[Libre-soc-dev] microwatt grows up LCA2021

Mon Feb 8 16:50:50 GMT 2021

On Monday, February 8, 2021, Paul Mackerras <paulus at ozlabs.org> wrote:

> Thanks for the pointer.  I have downloaded the tests and I'll compile
> them up and run them on microwatt.

STS is quite "old" but is in straight c.

i apologise my modifications which allowed me to run raw tests on a cluster
then recreate the histograms are on offline storage

>> https://github.com/betrusted-io/betrusted-wiki/wiki/TRNG-characterization
>>
>> the marsaglia tests in particular have me concerned, they fail twice.
>
> That's an interesting page.  The thing that stood out for me is that
> he says his ring oscillators run at only 200 - 300 MHz.  The paper I
> was working from showed oscilloscope traces from plumbing some of the
> XOR outputs out to pins of the FPGA, from which it is clear that they
> are oscillating at at least 500 - 1000 Mhz, though the limited output
> pin bandwidth means you don't see all of the transitions.  I think I
> will try plumbing out some bits to pins and looking at them with my
> oscilloscope.

with an ECP5 having 5G SERDES or other FPGA having gigabit capable pins
that would be very interesting to hear how that goes

>
>> the other thing is that, not having studied the dieharder source code, i
do
>> not know if it does tests-of-tests-of-tests.
>
> I don't think it does statistics over all of the tests.

ah.  then you cannot trust it fully.  the test-of-test-of-tests is
explained in the CSRC STS paper.

>> the test-of-test-of-tests is absolutely essential to make sure that even
>> the tests themselves do not have nonuniform (or uniform) suspicious
>> characteristics.
>>
>> example: if two runs produce identical output, the p-values look ok,
right?
>> so what's the problem, surely the p-value giving a PASS is ok, right?
>
> That didn't happen with Microwatt's RNG.  In fact, occasionally a
> result would show up as "weak", but then the same test run again would
> usually give a different, stronger result.

right.

ok.

so, the way p-values work is: you have a mathematical model of the expected
output (some arbitrary but continuous i.e. FP number) and based on the
distribution of those mathematically-modelled numbers (such as a Bell
Curve) you can do "uniform normalisation" on it, to a value from 0-1 and
that is what your p-value is.

each run of say 100,000 "bit tests" you expect an average of 50,000 but you
will get outliers at 45,000.  the Bell Curve model allows you to turn this
into a p-value of say 0.00005 which says that the probability of getting
45,000 i.e. an imbalance of 45,000 zeros and 55,000 ones is one in 200,000
i.e. 0.00005

with me so far? :)

now, clearly 1 in 200,000 is pretty improbable but statistically speaking
it is not completely out of the question.

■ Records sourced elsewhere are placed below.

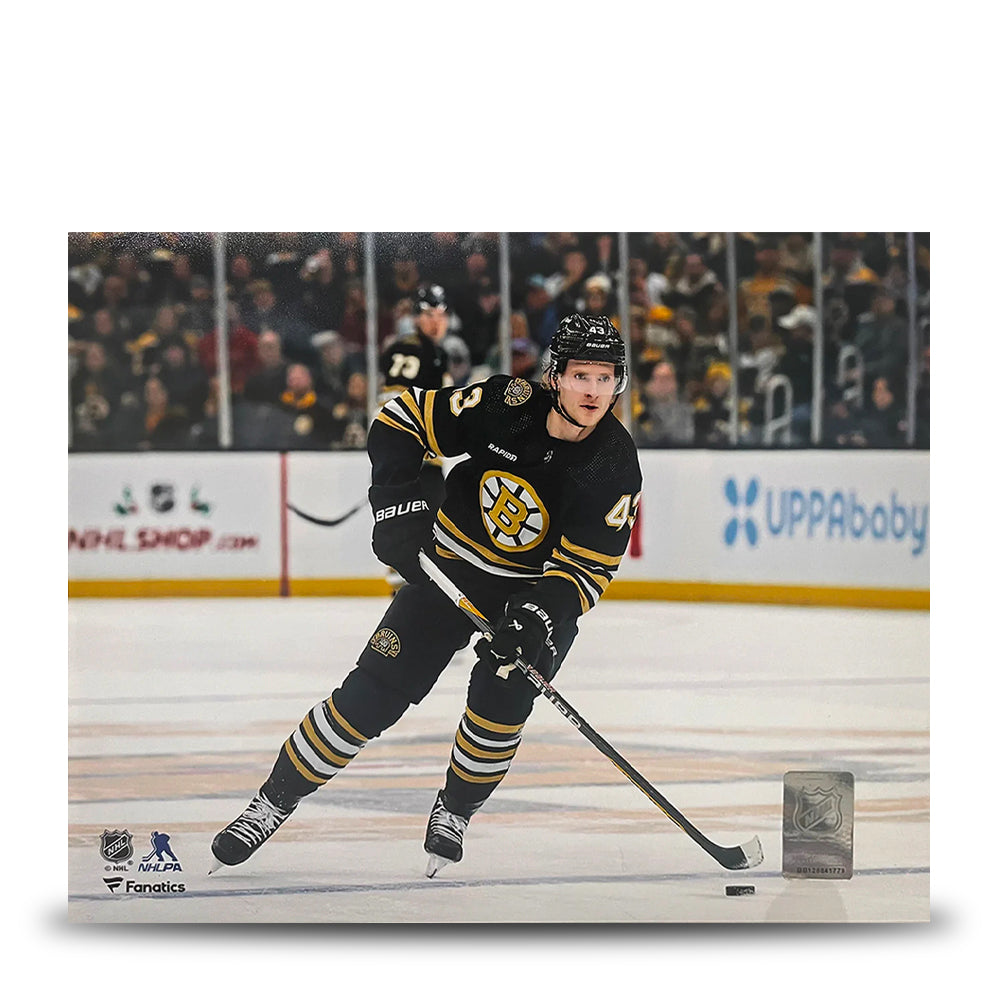 Danton Heinen in Action Boston Bruins 8" x 10" Hockey Photo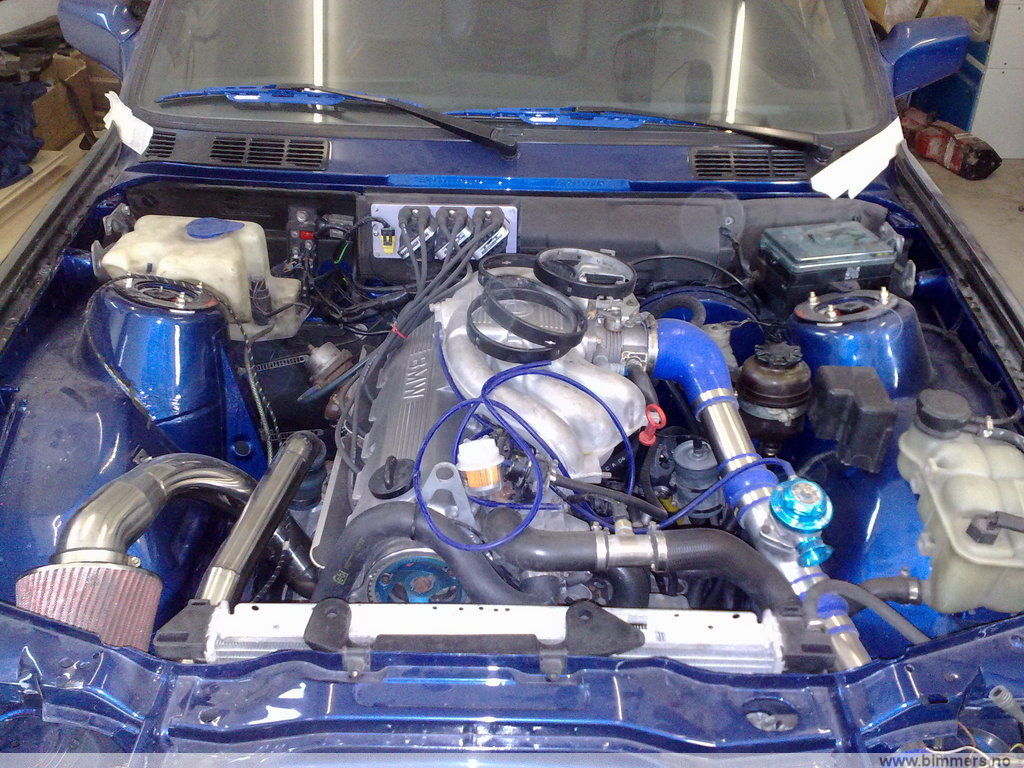 g2i28cb8wn758rfuteic.jpg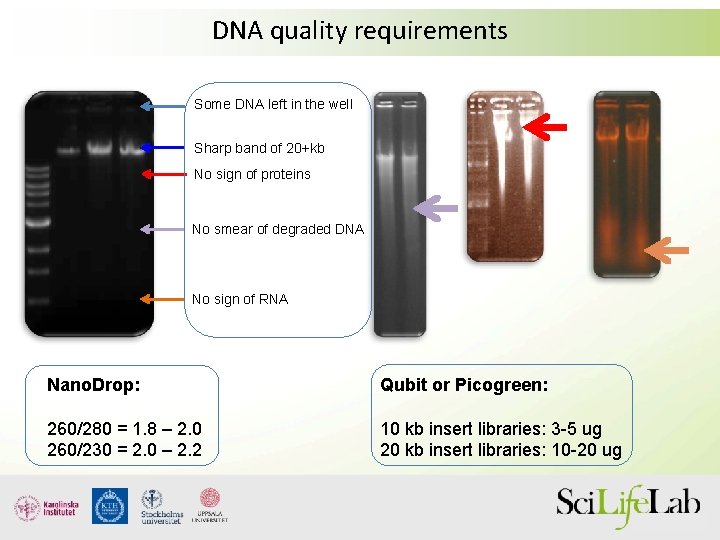 DNA quality requirements Some DNA left in the well Sharp band of 20+kb No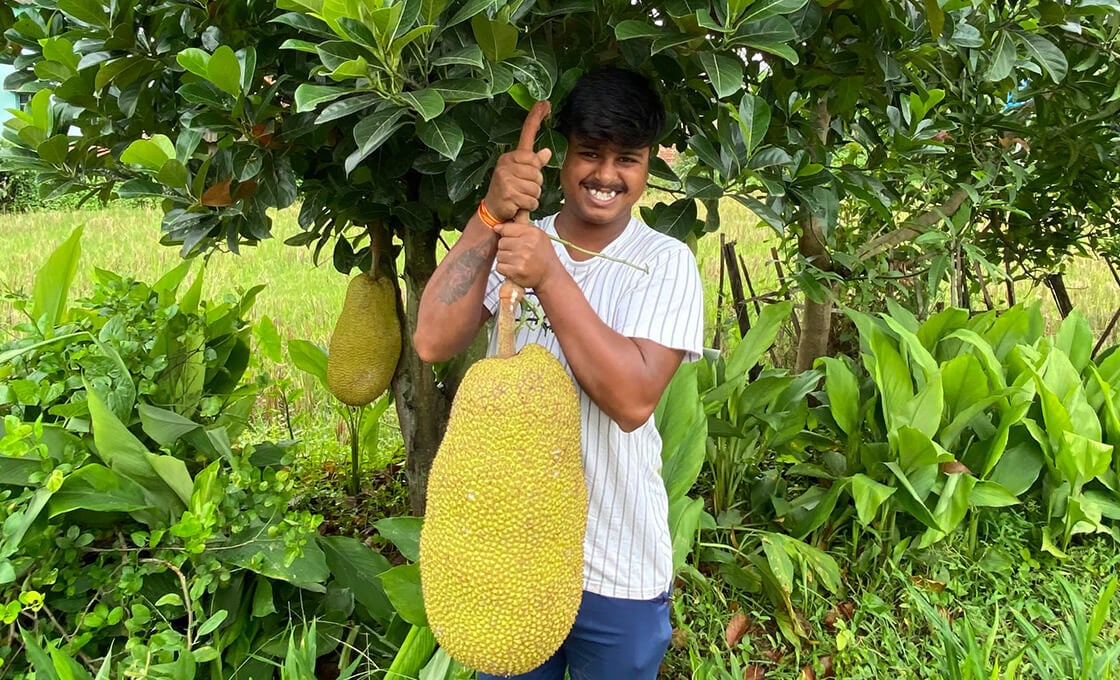 Donate a Tree to a Farmer in India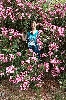 Click here to see the picture (crete040601_35_near_platanos_oleander_marlies.jpg)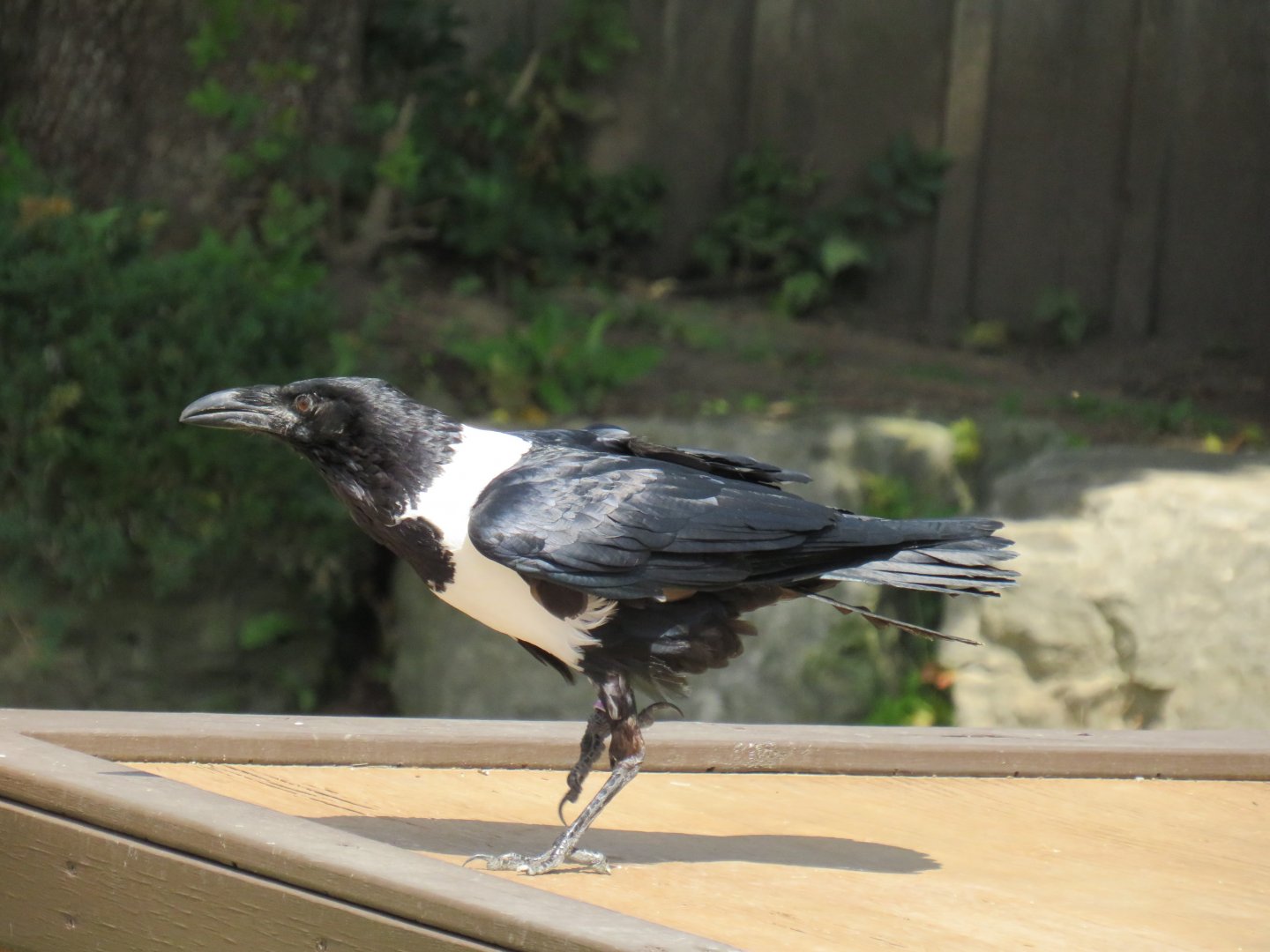 Pied crow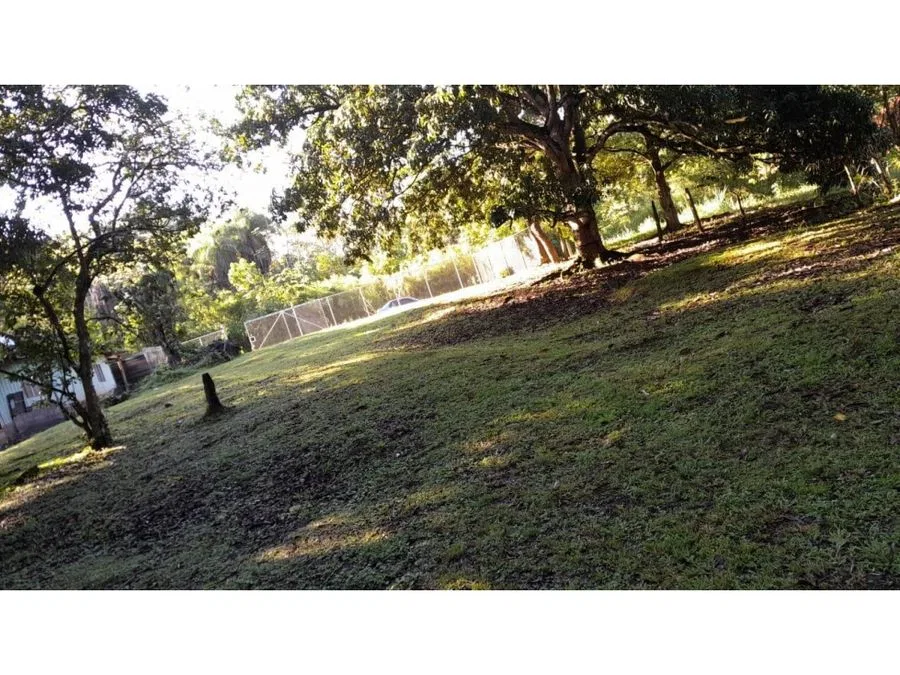 PARCELA EN VENTA EN GUACALILLO | 3.863 M² | P659, photo 7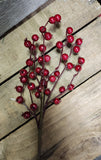 Red Water Resistant Berry Stem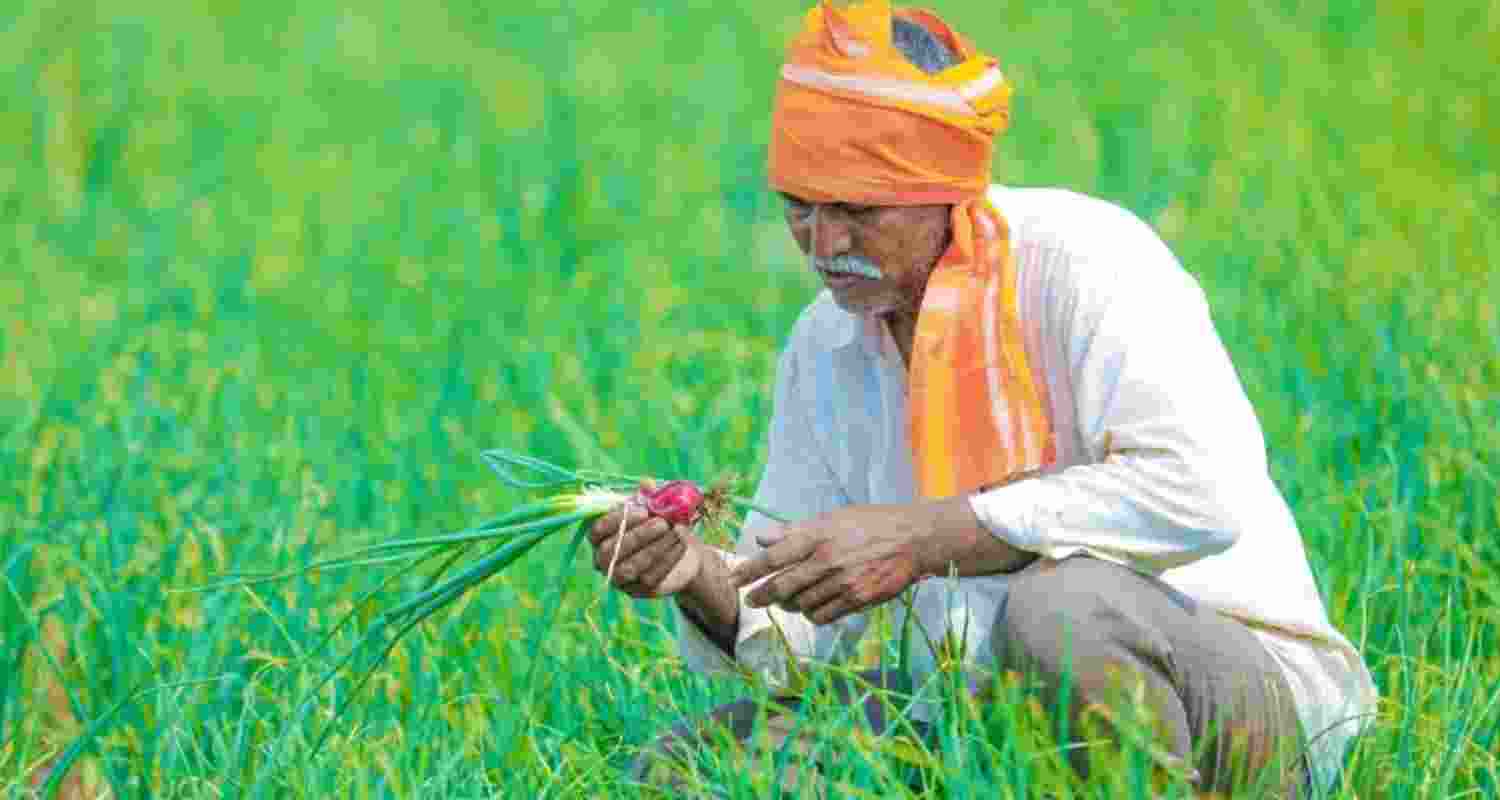 Representational Image. Representational Image.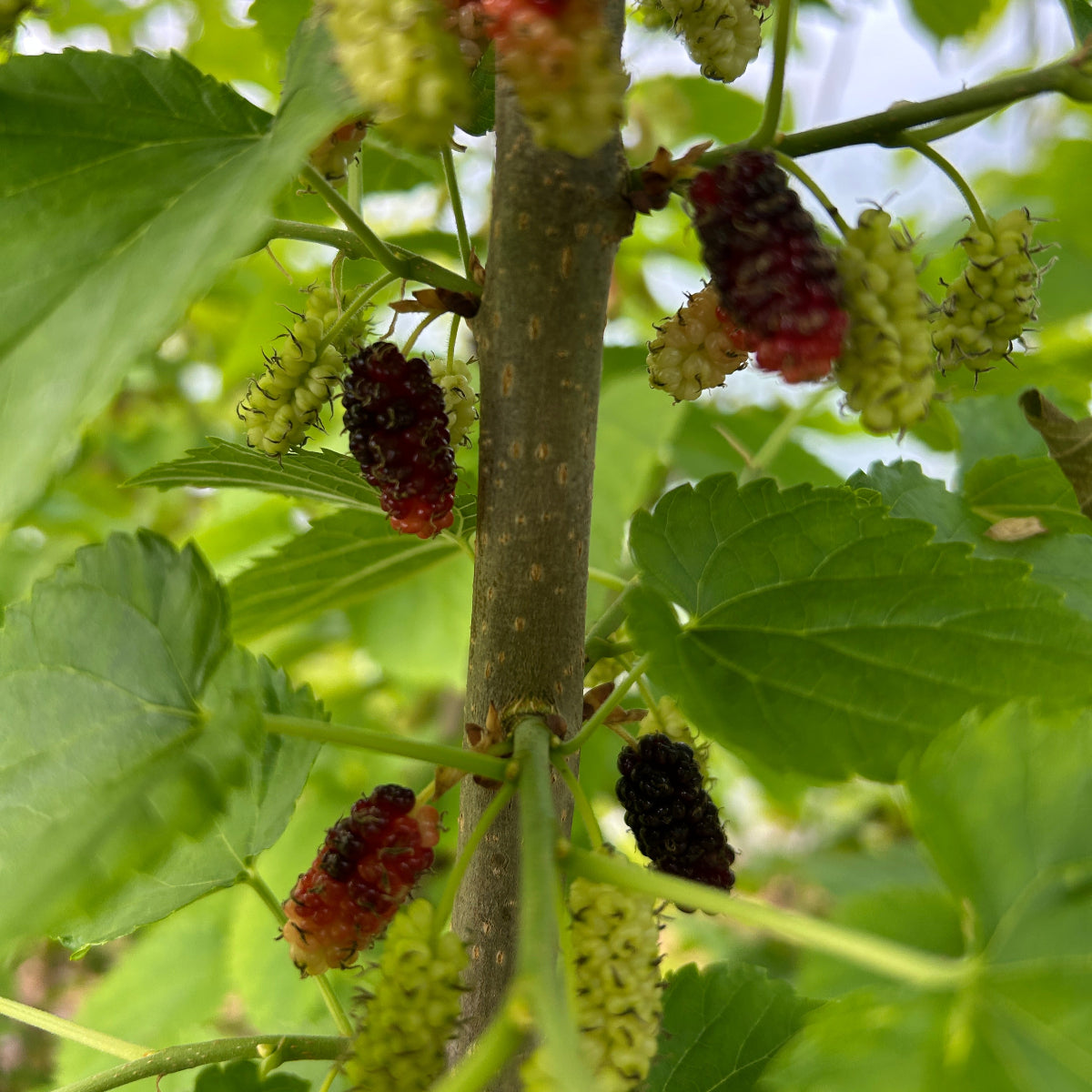Kip Parker Mulberry Small Tree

now let us say that you make 200,000 runs of 1s-0s counting.  if you got
one or two 0.00005 "weak" occurrences, you might go "mmm ok yeah
statistically that's still plausible"

but what happens if you get FIVE THOUSAND
out of those 200,000 runs creating p-values of 0.00005?

now you know that long-term you have a massive (unacceptable) imbalance
where the PRNG generates far too many zeros.

diehard and dieharder *WILL NOT* pick that up.

this is where the histogram of p-values (test-of-tests) and *its* p-value
(test-of-test-of-tests) gives you absolutely VITAL information that allows
you to reject an implementation as catastrophic flawed.

bottom line: a *few* "weak" tests is *occasionally* expected, but it is
simply not good enough to say "i saw some weak tests", it is absolutely
critical to mathematically analyse if the probability of occurrence of the
*number* of weak tests is itself statistically acceptable or unacceptable.

>
> Well, in dieharder's defence, identical output would be what you would
> expect for a PRNG with a given seed value.

true.... this is for reproduceability of testing which is different.  and
you are doing a TRNG (unseedable), also different

my point is: if you test a TRNG, or for a PRNG if a given seed is set and
you run the test to produce 100 gigabytes of sequential output, and every 1
gigabyte you get a repeated identical pattern of 1s and 0s, you have a
problem that diehard/er is simply not designed to pick up... but STS is.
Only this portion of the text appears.